Türkiye Dışişleri Bakanı İhsan Sabri Çağlayangil’le görüşmesinden sonra bilgi almak isteyen gazetecilere şöyle demişti:
‘Türkiye Dışişleri Bakanı ile görüştüm. Yarın Yunanistan Dışişleri Bakanı ile de görüşeceğim. Sonra psikiyatrıma gideceğim.”

BİZ RAHMETLİ HAKKINDA BÖYLE DÜŞÜNMEKTE HAKLIYDIK YA YUNANLILAR

“Biz Türkler onu 1974’de Kıbrıs’a asker çıkarmamızı engellemeye çalışan, 'Yunan yanlısı  çirkin Amerikalı' olarak görüyorduk.
Haksız mıyız…
Muhtemelen Yunanistan’ın en azından sol geleneğinden gelen insanları da “Onu Türkiye yanlısı çirkin Amerikalı” olarak görmüştür.
Haksızlar mı…

AMA ‘KIBRIS FATİHİ’ ECEVİT’İ HARVARD’A DAVET EDEN OYDU

“Unutmayın ki, 1974 Kıbrıs askeri müdahelesi sırasında Türkiye’nin Başbakanı olan Bülent Ecevit’i, daha siyasi kariyerinin başında Harvard Üniversitesine davet edip konuşma yaptıran ve dünyaya tanıtan kişi de aynı Kissinger’di…”

DÜZEN VE ADALET ARASINDA TERCİH ZORUNLUĞU OLMAYAN BİR DÜNYA

“Kissinger öldü…
Umarım artık şu fani dünyada, 'Düzen' ve 'Adalet' arasında tercih yapmak zorunda kalmayacağımız günler gelir…
Ve biz Türkler ve Yunanlılar da aramızdaki problemleri, 'Kissinger Rules’a' gerek olmadan, yapıcı bir gerçekçilikle yüz yüze konuşmayı öğreniriz.”

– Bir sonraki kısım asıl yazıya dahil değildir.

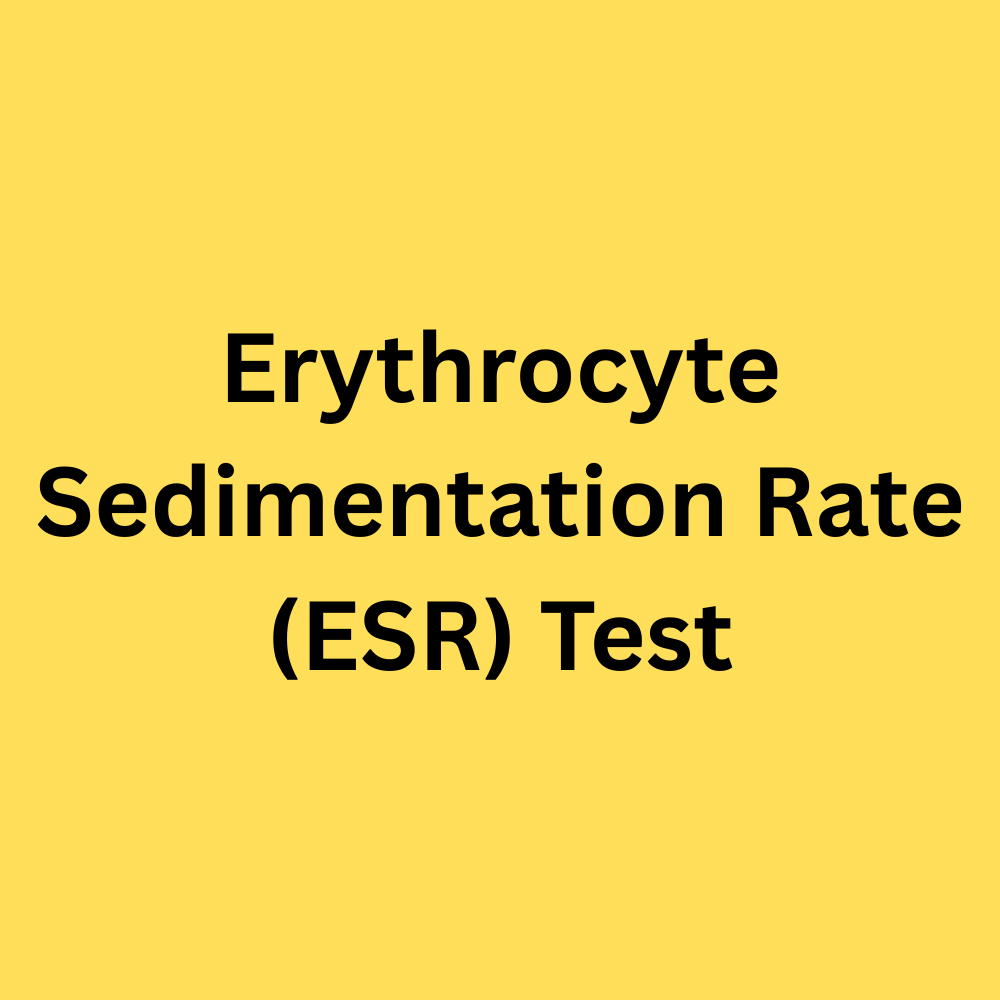 1 Erythrocyte Sedimentation Rate (ESR) Test - Image 1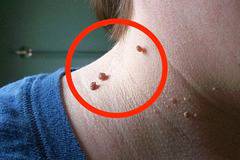 Домашна рецепта за безболезнено премахване на папиломи, фиброми и брадавици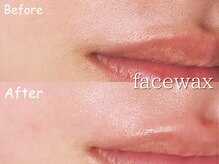 モエラビューティーサロン(Moela beauty salon)の雰囲気（痛み、赤み最小限！産毛、角質、皮脂汚れを除去◎）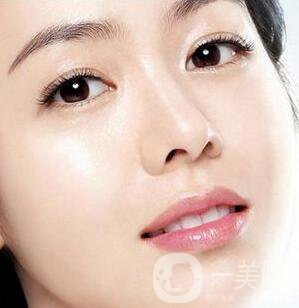 開內(nèi)眼角多久恢復(fù)自然？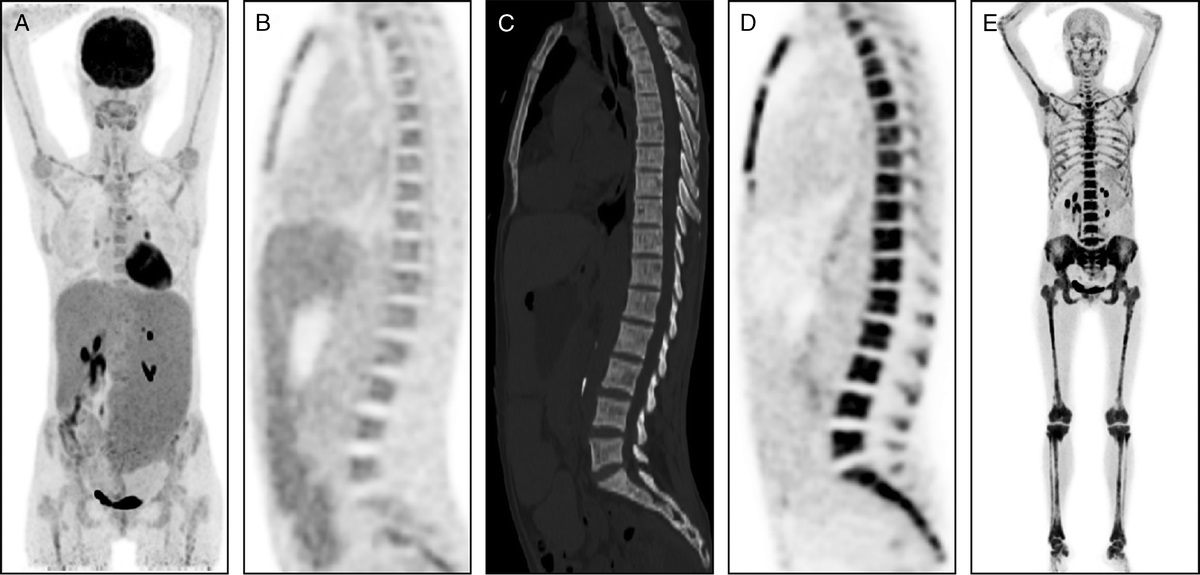 The Manifestation of a Patient With Myelofibrosis in 68Ga-DOTA-FAPI-04 PET/CT Mimicking “Super Bone Imaging”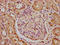Kinesin-like protein KIF23 antibody, LS-C680715, Lifespan Biosciences, Immunohistochemistry paraffin image 
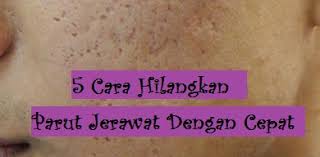 Apr 27, 2021 · january 26, 2021 aku yang tidak kau ini itu dan di anda akan apa dia saya kita untuk mereka ada tahu dengan bisa dari tak kamu kami adalah ke ya orang tapi harus pergi baik dalam sini seperti hanya ingin sekarang semua saja sudah jika oh apakah jadi satu jangan notes 1) this list was created using public/free 5 Cara Hilangkan Parut Jerawat Dengan Cepat I Am Zuraida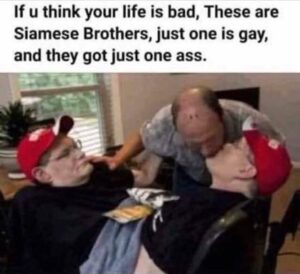 Siamese Brothers have it worse than you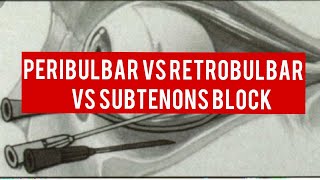 OCULAR ANAESTHESIA  peribulbar block retrobulbar block and subtenons block [upl. by Akino]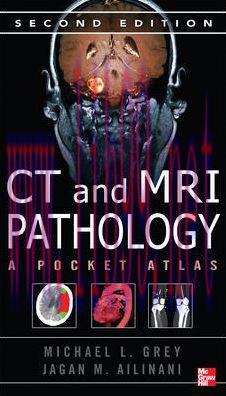 [AME]CT & MRI Pathology: A Pocket Atlas, Second Edition (ORIGINAL PDF from_ Publisher)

KATİMERİNİ’DE YAZMAYI UNUTTUĞUM SON CÜMLE

Ve Kathimeri’ni’deki yazıma koymayı unuttuğum son cümle…
Cumhurbaşkanı Erdoğan bu Perşembe Atina’ya gidiyor.
Birleşik Arap Emirlikleri ziyaretinden dönerken uçakta gazetecilere “Biz Atina’ya ilişkilerde yeni bir sayfa açmak temennisiyle gidiyoruz. Kazan-kazan zihniyetiyle” dedi.
Umarım bu temenniler iki tarafta bir gün yine belagat şehvetinin kurbanı olmaz ve hak ettiğimiz barışı sağlarız.